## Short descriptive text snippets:
= Beginning of Section =

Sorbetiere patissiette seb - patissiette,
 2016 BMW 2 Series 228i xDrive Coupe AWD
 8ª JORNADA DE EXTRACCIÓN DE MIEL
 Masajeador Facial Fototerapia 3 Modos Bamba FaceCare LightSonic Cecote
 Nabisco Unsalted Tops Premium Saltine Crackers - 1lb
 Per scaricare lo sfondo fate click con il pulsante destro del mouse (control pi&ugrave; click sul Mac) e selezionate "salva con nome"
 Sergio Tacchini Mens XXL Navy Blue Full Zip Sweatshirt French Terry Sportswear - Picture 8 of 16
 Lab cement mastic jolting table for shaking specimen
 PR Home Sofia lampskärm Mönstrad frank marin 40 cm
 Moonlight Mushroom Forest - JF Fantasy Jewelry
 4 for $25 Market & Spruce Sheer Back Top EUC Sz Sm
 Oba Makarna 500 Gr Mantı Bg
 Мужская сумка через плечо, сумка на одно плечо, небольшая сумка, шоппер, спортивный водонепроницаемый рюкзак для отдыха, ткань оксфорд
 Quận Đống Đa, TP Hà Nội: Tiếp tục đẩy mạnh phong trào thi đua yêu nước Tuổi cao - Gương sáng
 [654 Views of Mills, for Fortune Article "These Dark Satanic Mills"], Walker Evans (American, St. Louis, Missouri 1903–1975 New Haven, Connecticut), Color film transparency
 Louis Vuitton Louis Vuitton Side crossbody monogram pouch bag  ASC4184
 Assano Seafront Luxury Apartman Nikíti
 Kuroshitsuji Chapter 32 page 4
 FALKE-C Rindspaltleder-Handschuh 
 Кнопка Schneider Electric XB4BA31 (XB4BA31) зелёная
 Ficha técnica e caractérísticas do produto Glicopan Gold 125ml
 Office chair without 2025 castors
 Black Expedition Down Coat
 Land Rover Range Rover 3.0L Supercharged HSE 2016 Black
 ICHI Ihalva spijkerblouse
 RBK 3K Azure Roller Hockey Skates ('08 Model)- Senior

= End of Section =

## Problem description:
Starting with the line that contains "Office chair without 2025 castors", print every line through the end of the entries above exactly as written, both boundary lines included, and nothing else.

## Answer to this problem:
 Office chair without 2025 castors
 Black Expedition Down Coat
 Land Rover Range Rover 3.0L Supercharged HSE 2016 Black
 ICHI Ihalva spijkerblouse
 RBK 3K Azure Roller Hockey Skates ('08 Model)- Senior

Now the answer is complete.